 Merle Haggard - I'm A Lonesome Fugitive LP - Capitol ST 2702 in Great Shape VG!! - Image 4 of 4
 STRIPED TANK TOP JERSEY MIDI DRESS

----------------------------------------

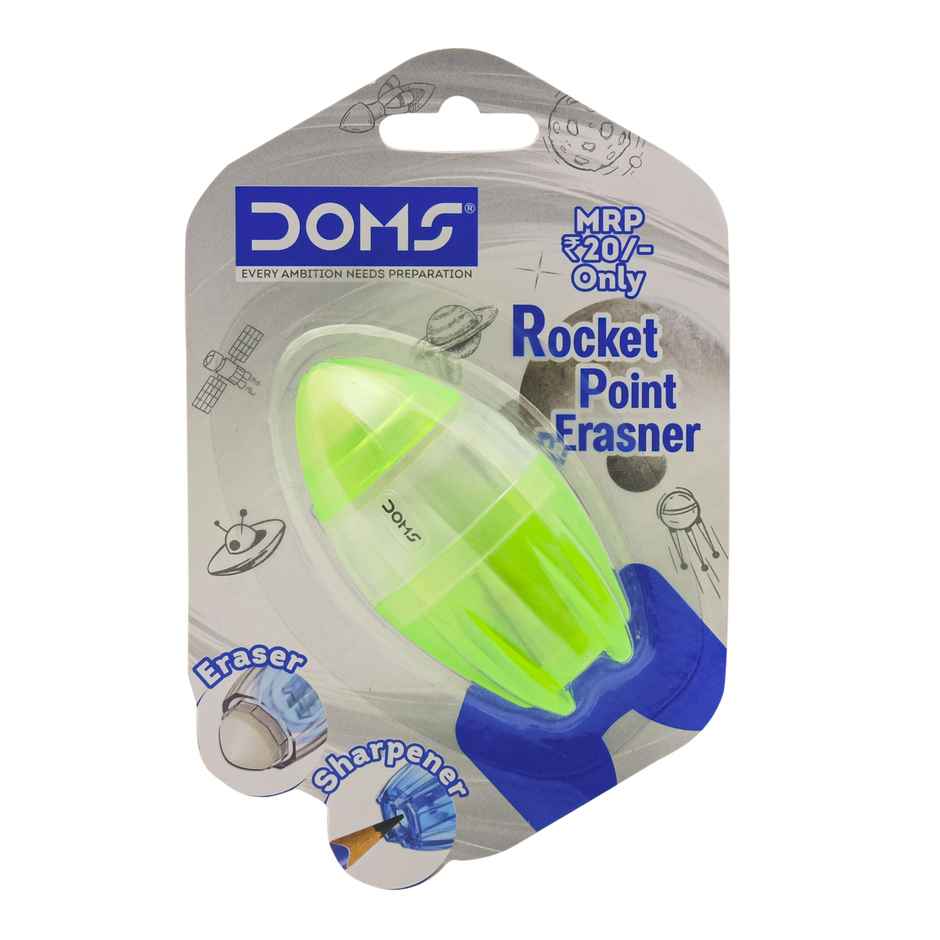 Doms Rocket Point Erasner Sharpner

----------------------------------------

## Your instructions
All that is needed is the exact run of lines above from the line containing "Merle Haggard - I'm" through the line containing "STRIPED TANK TOP JERSEY MIDI DRESS", both of them included.

## Written response
 Merle Haggard - I'm A Lonesome Fugitive LP - Capitol ST 2702 in Great Shape VG!! - Image 4 of 4
 STRIPED TANK TOP JERSEY MIDI DRESS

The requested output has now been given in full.